Disclaimer and cautionary note
Certain statements in this announcement are not historical facts and are or are deemed to be "forward-looking". The Company's prospects, plans, financial position and business strategy, and statements pertaining to the capital resources, future expenditure for development projects and results of operations, may constitute forward-looking statements. In addition, forward-looking statements generally can be identified by the use of forward-looking terminology including, but not limited to; "may", "expect", "intend", "estimate", "anticipate", "plan", "foresee", "will", "could", "may", "might", "believe" or "continue" or the negatives of these terms or variations of them or similar terminology. Although the Company believes that the expectations reflected in these forward-looking statements are reasonable, it can give no assurance that these expectations will prove to have been correct. These forward-looking statements involve a number of risks, uncertainties and other facts that may cause actual results to be materially different from those expressed or implied in these forward-looking statements because they relate to events and depend on circumstances that may or may not occur in the future and may be beyond NWR's ability to control or predict. Forward-looking statements are not guarantees of future performances.

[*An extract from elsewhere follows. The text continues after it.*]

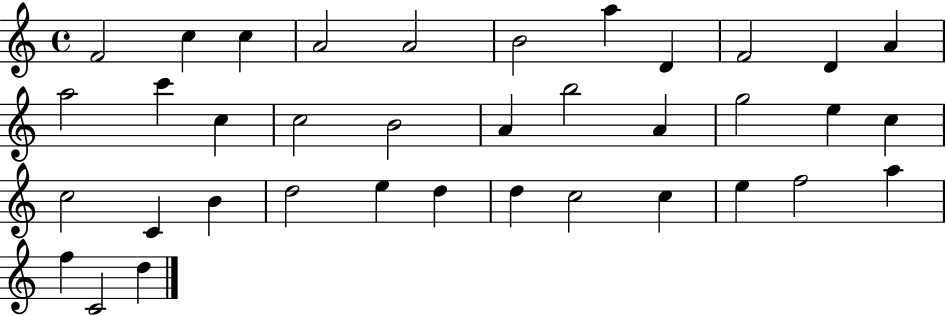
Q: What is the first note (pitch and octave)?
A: F4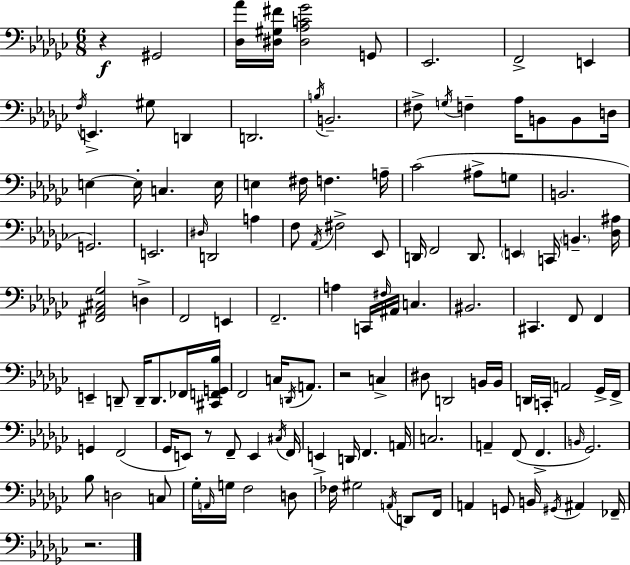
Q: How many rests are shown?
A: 4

Factors, risks and uncertainties that could cause actual outcomes and results to be materially different from those projected include, but are not limited to, the following: risks relating to changes in political, economic and social conditions in the Czech Republic, Poland and the CEE region; future prices and demand for the Company's products, and demand for the Company's customers' products; coal mine reserves; remaining life of the Company's mines; coal production; trends in the coal industry and domestic and international coal market conditions; risks in coal mining operations; future expansion plans and capital expenditures; the Company's relationship with, and conditions affecting, the Company's customers; competition; railroad and other transportation performance and costs; availability of specialist and qualified workers; and weather conditions or catastrophic damage; risks relating to Czech or Polish law, regulations and taxation, including laws, regulations, decrees and decisions governing the coal mining industry, the environment and currency and exchange controls relating to Czech and Polish entities and their official interpretation by governmental and other regulatory bodies and by the courts; and risks relating to global economic conditions and the global economic environment. Additional risk factors are as described in the Company's annual report. A failure to achieve a satisfactory capital structure for liquidity and solvency purposes would pose a significant risk of the Group ceasing to operate as a going concern.
Forward-looking statements are made only as of the date of this announcement. The Company expressly disclaims any obligation or undertaking to release, publicly or otherwise, any updates or revisions to any forward-looking statement contained in this announcement to reflect any change in its expectations or any change in events, conditions, assumptions or circumstances on which any such statement is based unless so required by applicable law.